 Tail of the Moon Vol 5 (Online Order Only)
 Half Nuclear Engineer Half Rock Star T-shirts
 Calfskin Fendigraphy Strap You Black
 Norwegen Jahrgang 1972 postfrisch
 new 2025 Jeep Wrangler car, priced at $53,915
---
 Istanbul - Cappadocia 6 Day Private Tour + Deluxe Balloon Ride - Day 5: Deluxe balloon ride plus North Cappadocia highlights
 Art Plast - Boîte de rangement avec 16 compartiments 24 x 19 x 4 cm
...
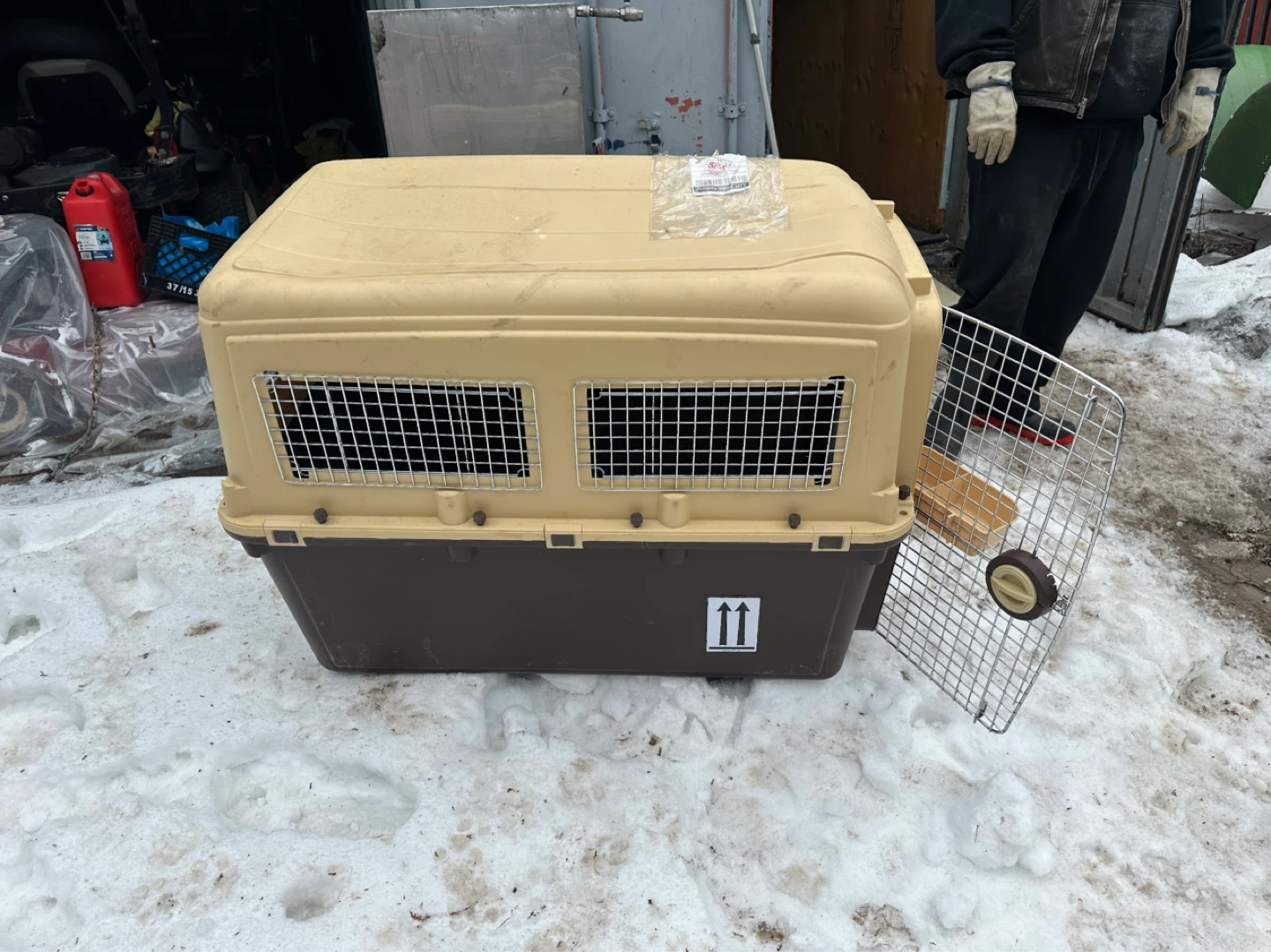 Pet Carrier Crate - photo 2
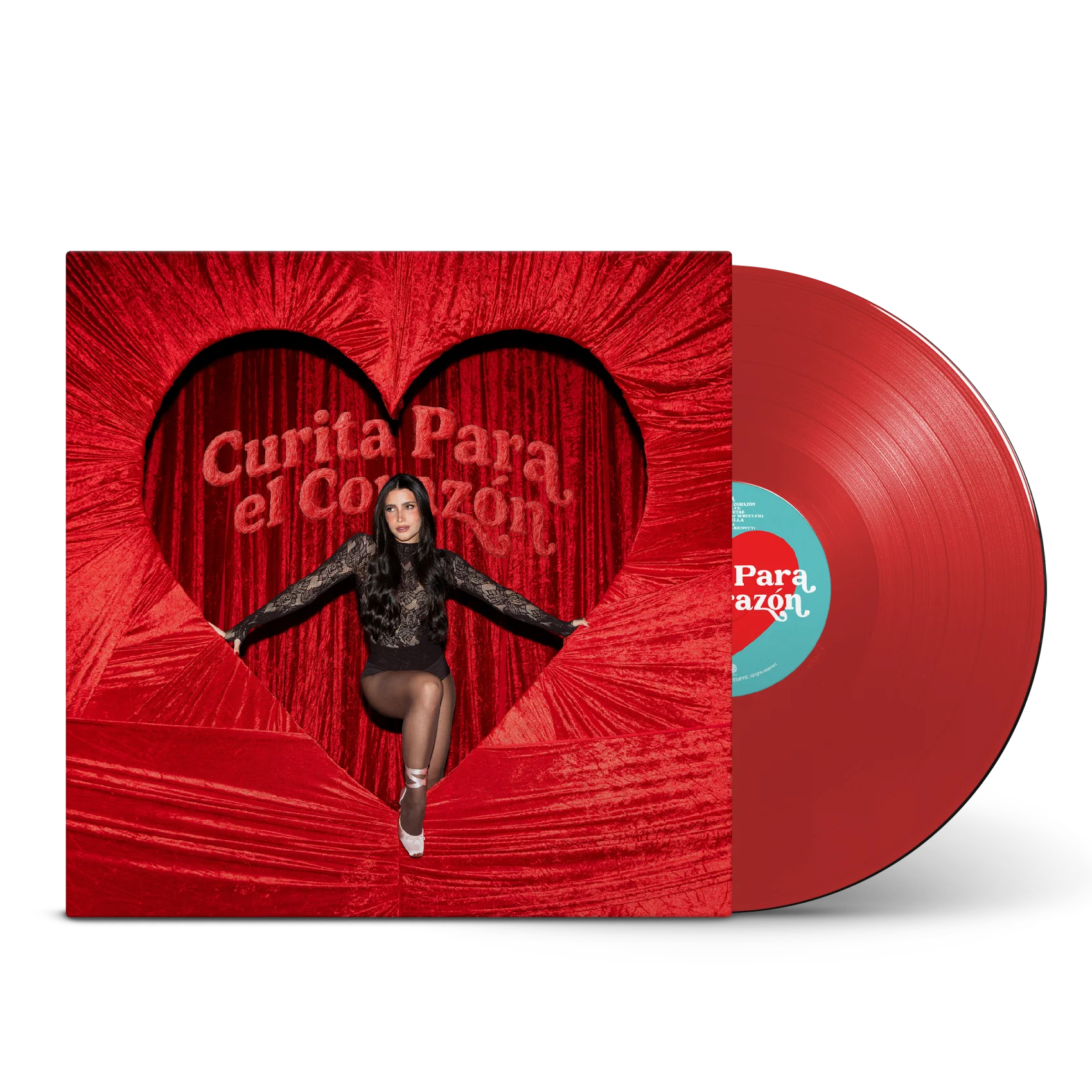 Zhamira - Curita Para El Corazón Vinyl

**ASSIGNED TASK:**
All that belongs in the answer is the run of lines above from the line containing "Tail of the Moon Vol 5 (Online Order Only)" through the line containing "new 2025 Jeep", exactly as written.

**SOLUTION TO THIS TASK:**
 Tail of the Moon Vol 5 (Online Order Only)
 Half Nuclear Engineer Half Rock Star T-shirts
 Calfskin Fendigraphy Strap You Black
 Norwegen Jahrgang 1972 postfrisch
 new 2025 Jeep Wrangler car, priced at $53,915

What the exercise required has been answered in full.